Les ordonnances de septembre 2017 ont supprimé dans les entreprises les instances de sécurité et des conditions de travail (CHSCT). Depuis janvier 2020, ses missions sont exercées par le comité social et économique (CSE), d’où une réorganisation des institutions représentatives du personnel (IRP). Conséquences : une modification en profondeur de la nature et des modalités du dialogue social dans les entreprises.

Conséquences institutionnelles : suppression des comités d’entreprise (CE), des comités d’hygiène, de sécurité et des conditions de travail (CHSCT) et des délégués du personnel (DP). La nouvelle mesure instaure des comités sociaux et économiques (CSE) dans les entreprises d’au moins 11 salariés et des commissions de santé, sécurité et conditions de travail (CSSCT) dans les entreprises d’au moins 300 salariés.

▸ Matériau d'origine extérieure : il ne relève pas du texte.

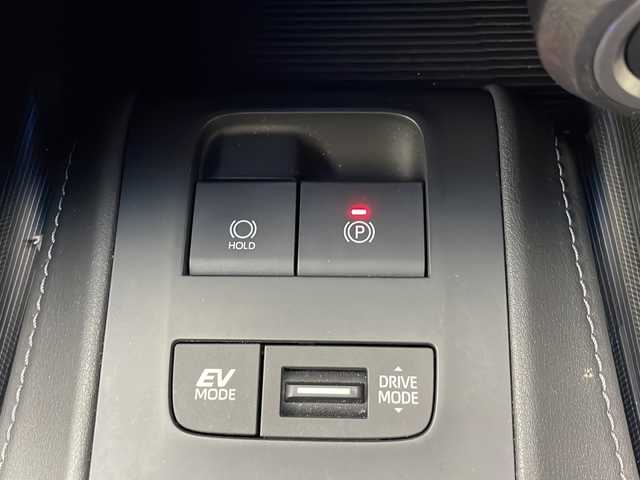 トヨタ ハリアー ハイブリッド Z レザーパッケージ 大阪府 2023(令5)年 2.9万km プレシャスブラックパール 純正12.3インチディスプレイオーディオ（ナビ有）/・TV/ブルートゥース/Miracast/アラウンドビューモニター/Toyota Safety Sense/・プリクラッシュセーフティ/・レーントレーシングアシスト/・レーダークルーズコントロール（全車速追従機能付き）/・ロードサインアシスト/・アダプティブハイビームシステム/オートマチックハイビーム/・パーキングサポートブレーキ（前後方静止物）/・デジタルインナーミラー（前後方録画機能付き）/・ブラインドスポットモニター/JBLプレミアムサウンド/ヘッドアップディスプレイ/パワーバックドア/レザーシート/・シートヒーター/シートベンチレーション（前席）/・メモリーシート（前席）/ステアリングヒーター/純正LEDヘッドライト/純正１９インチAW/ETC2.0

Les syndicats ont critiqué ces réformes dès l’annonce des ordonnances. C’est d’abord une conséquence mécanique : « le seuil d’obligation de mise en place d’une CSSCT a été fixé à 300 salariés, contre 50 salariés pour un CHSCT, cela laisse un nombre important d’établissements ou d’entreprises sans structure spécialisée dans le traitement de ces questions », avec des règles plus strictes entre titulaires et suppléants, des diminutions de temps de délégation, de manque de temps au CSE pour traiter de sujets spécifiques.

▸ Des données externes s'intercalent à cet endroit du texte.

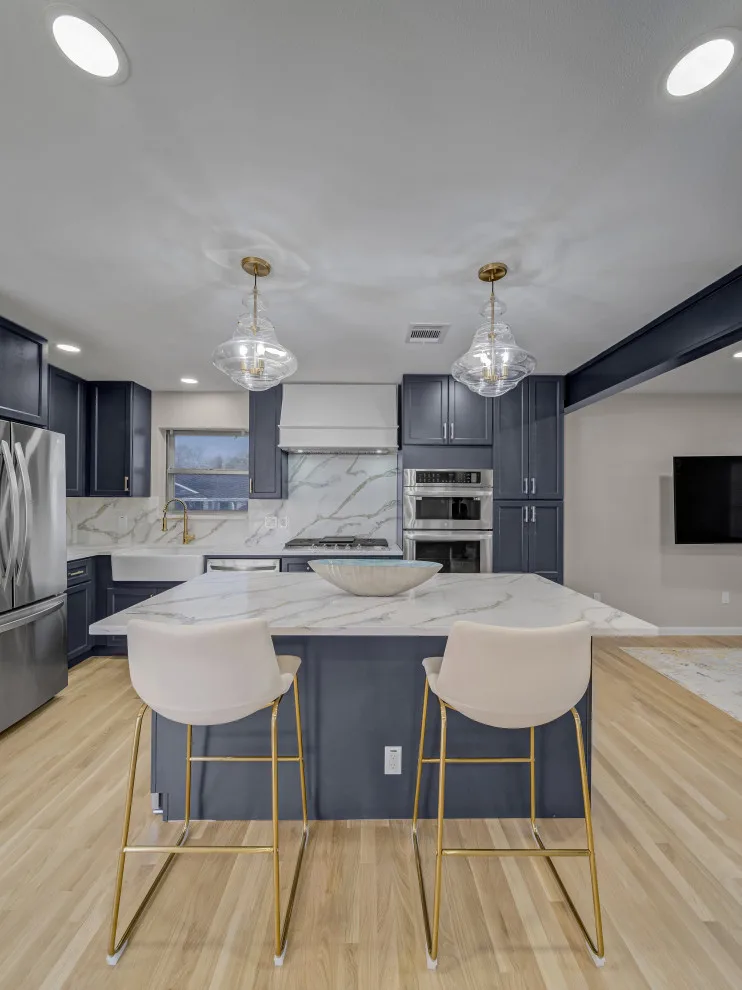 Culinary Enhancement with Open Design by Anntraves Interior Design - Photo 9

L’enquête de la DARES (direction de l’animation de la recherche, des études et des statistiques), confirme qu’en 2017 les CHSCT étaient présents dans 53,1 % des entreprises de 50 à 299 salariés contre 25,8 % pour les CSSCT en 2021.

Une étude de l’IRES (institut de recherches économiques et sociales) s’interroge sur l’évolution qualitative qu’ont pu produire ces ordonnances en termes de traitement des problématiques sur la santé et la sécurité au travail (SST) au sein des entreprises :

  • Le fonctionnement des IRP est-il efficace ?
  • Les élus du personnel ont-ils les ressources pour pouvoir agir ?
  • Les employeurs sont-ils sensibles à ces sujets ?
  • Le dialogue social sur ces questions est-il à la hauteur ?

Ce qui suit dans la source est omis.